=== SUPPLIED INFORMATION ===
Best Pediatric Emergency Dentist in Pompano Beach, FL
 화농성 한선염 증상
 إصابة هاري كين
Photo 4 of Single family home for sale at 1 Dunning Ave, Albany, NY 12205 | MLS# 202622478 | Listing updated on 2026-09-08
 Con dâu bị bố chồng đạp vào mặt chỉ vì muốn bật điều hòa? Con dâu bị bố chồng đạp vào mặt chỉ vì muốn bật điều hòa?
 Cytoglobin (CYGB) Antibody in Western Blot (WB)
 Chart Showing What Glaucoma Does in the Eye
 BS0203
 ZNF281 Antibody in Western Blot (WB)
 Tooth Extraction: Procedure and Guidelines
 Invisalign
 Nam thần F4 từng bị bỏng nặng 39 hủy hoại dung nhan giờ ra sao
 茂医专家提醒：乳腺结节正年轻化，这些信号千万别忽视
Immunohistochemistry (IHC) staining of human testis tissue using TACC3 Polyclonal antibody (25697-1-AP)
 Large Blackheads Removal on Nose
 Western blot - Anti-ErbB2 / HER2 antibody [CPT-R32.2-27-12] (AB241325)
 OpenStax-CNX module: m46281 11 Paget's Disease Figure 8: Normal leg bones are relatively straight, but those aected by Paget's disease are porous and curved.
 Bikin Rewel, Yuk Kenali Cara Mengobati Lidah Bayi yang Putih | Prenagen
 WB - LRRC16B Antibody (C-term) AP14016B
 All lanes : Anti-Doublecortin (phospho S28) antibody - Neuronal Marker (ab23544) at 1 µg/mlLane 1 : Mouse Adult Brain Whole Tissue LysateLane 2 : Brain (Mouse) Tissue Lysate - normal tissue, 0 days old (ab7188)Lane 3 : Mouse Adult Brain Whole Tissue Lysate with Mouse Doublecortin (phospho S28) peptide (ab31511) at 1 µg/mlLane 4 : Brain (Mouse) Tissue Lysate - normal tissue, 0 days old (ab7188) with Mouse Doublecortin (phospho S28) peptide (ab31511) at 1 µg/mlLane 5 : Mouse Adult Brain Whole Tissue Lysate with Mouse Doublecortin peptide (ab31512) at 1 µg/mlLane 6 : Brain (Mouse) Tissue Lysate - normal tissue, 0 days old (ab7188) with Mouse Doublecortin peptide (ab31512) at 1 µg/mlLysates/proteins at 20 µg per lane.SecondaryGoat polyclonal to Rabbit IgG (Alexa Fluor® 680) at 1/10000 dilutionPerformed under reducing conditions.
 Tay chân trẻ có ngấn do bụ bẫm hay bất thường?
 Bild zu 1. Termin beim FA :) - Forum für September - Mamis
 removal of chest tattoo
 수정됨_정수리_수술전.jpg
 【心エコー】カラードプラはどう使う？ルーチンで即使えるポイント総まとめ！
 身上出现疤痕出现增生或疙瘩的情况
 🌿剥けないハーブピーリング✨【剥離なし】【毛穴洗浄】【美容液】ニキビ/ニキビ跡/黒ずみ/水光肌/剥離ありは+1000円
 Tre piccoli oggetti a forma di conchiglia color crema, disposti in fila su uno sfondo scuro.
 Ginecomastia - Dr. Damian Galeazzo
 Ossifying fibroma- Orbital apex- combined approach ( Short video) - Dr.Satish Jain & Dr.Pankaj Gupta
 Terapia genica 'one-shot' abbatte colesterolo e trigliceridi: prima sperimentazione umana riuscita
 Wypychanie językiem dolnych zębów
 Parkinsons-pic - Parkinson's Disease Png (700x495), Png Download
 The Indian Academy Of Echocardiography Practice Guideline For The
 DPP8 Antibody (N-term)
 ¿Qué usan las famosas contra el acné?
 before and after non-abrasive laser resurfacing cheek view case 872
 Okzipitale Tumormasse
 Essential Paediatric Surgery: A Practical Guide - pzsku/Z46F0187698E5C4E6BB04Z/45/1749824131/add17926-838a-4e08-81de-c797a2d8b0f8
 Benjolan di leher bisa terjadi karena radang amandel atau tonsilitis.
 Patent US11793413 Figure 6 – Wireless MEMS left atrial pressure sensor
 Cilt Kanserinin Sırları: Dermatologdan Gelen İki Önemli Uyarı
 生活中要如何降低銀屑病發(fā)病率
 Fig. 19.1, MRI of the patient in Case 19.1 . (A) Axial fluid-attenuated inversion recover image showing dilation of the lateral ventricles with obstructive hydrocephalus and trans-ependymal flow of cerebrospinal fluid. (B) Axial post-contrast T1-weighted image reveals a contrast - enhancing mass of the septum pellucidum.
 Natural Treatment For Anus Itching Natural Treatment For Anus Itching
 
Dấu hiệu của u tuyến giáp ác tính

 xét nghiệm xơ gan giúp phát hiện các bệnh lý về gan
===
__WORK INSTRUCTIONS__.
Using only the listing above, restate exactly the lines from the line containing "OpenStax-CNX module: m46281" through the line containing "수정됨_정수리_수술전.jpg", both included.

__ANSWER BELOW__.
 OpenStax-CNX module: m46281 11 Paget's Disease Figure 8: Normal leg bones are relatively straight, but those aected by Paget's disease are porous and curved.
 Bikin Rewel, Yuk Kenali Cara Mengobati Lidah Bayi yang Putih | Prenagen
 WB - LRRC16B Antibody (C-term) AP14016B
 All lanes : Anti-Doublecortin (phospho S28) antibody - Neuronal Marker (ab23544) at 1 µg/mlLane 1 : Mouse Adult Brain Whole Tissue LysateLane 2 : Brain (Mouse) Tissue Lysate - normal tissue, 0 days old (ab7188)Lane 3 : Mouse Adult Brain Whole Tissue Lysate with Mouse Doublecortin (phospho S28) peptide (ab31511) at 1 µg/mlLane 4 : Brain (Mouse) Tissue Lysate - normal tissue, 0 days old (ab7188) with Mouse Doublecortin (phospho S28) peptide (ab31511) at 1 µg/mlLane 5 : Mouse Adult Brain Whole Tissue Lysate with Mouse Doublecortin peptide (ab31512) at 1 µg/mlLane 6 : Brain (Mouse) Tissue Lysate - normal tissue, 0 days old (ab7188) with Mouse Doublecortin peptide (ab31512) at 1 µg/mlLysates/proteins at 20 µg per lane.SecondaryGoat polyclonal to Rabbit IgG (Alexa Fluor® 680) at 1/10000 dilutionPerformed under reducing conditions.
 Tay chân trẻ có ngấn do bụ bẫm hay bất thường?
 Bild zu 1. Termin beim FA :) - Forum für September - Mamis
 removal of chest tattoo
 수정됨_정수리_수술전.jpg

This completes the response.